What the task asks:
The entries are to be reproduced verbatim, and their pictures left out.

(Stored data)
-------

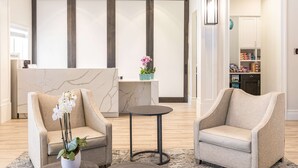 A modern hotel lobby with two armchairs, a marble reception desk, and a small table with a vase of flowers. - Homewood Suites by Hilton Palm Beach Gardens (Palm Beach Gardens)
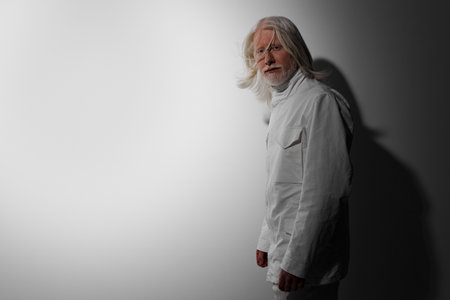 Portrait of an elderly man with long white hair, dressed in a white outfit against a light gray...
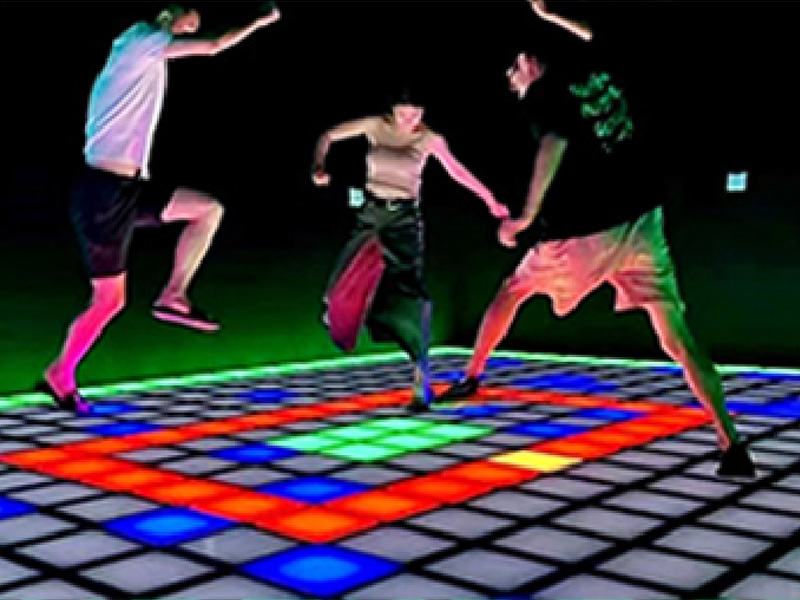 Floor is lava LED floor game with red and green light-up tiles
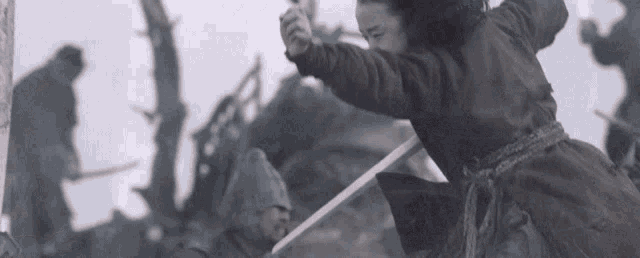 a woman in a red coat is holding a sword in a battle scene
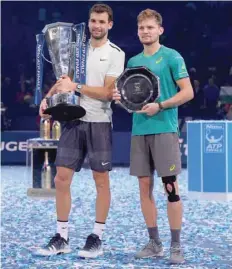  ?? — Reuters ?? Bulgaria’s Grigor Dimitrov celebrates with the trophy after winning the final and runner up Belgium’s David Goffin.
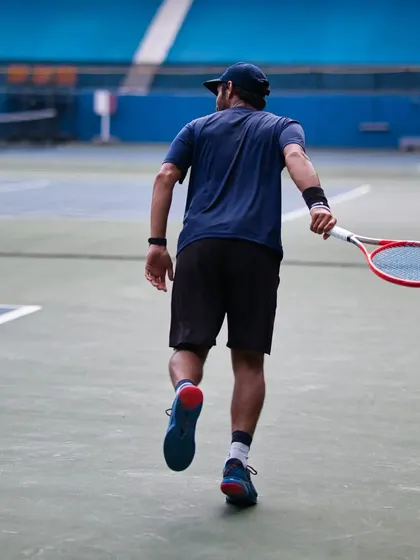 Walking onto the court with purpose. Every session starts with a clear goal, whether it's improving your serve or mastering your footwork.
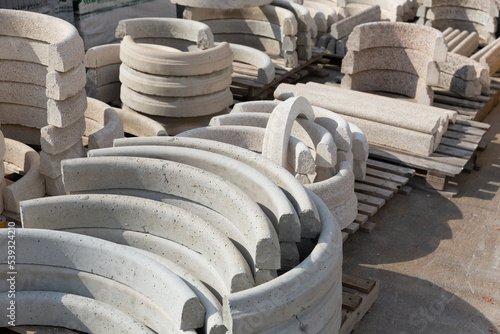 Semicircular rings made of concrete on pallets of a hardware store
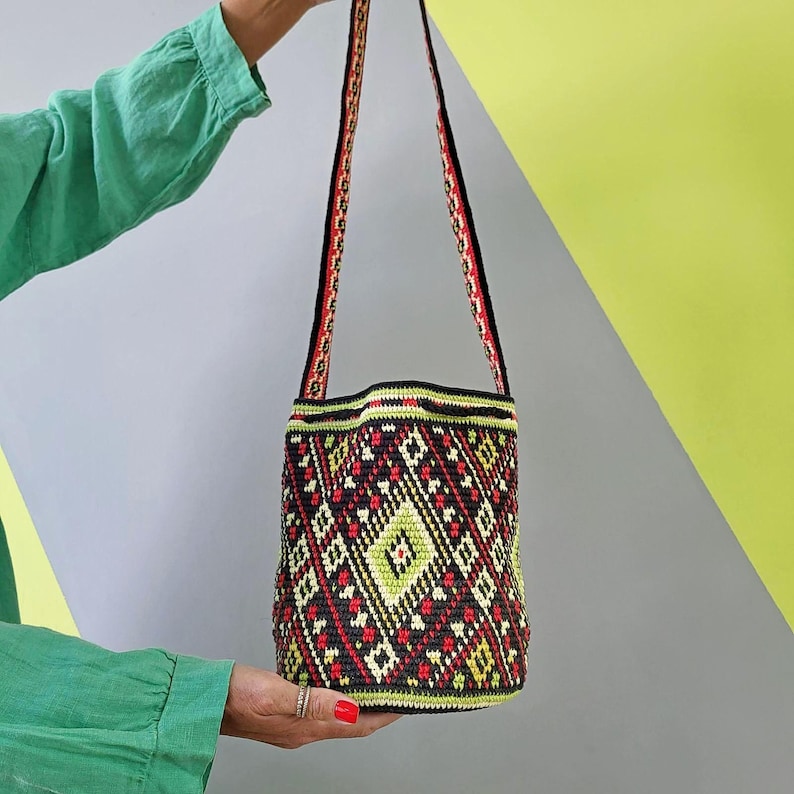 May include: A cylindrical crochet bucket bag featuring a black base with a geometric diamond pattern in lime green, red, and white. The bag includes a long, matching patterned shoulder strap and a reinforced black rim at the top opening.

-------

Task output:
 A modern hotel lobby with two armchairs, a marble reception desk, and a small table with a vase of flowers. - Homewood Suites by Hilton Palm Beach Gardens (Palm Beach Gardens)
 Portrait of an elderly man with long white hair, dressed in a white outfit against a light gray...
 Floor is lava LED floor game with red and green light-up tiles
 a woman in a red coat is holding a sword in a battle scene
  ?? — Reuters ?? Bulgaria’s Grigor Dimitrov celebrates with the trophy after winning the final and runner up Belgium’s David Goffin.
 Walking onto the court with purpose. Every session starts with a clear goal, whether it's improving your serve or mastering your footwork.
 Semicircular rings made of concrete on pallets of a hardware store
 May include: A cylindrical crochet bucket bag featuring a black base with a geometric diamond pattern in lime green, red, and white. The bag includes a long, matching patterned shoulder strap and a reinforced black rim at the top opening.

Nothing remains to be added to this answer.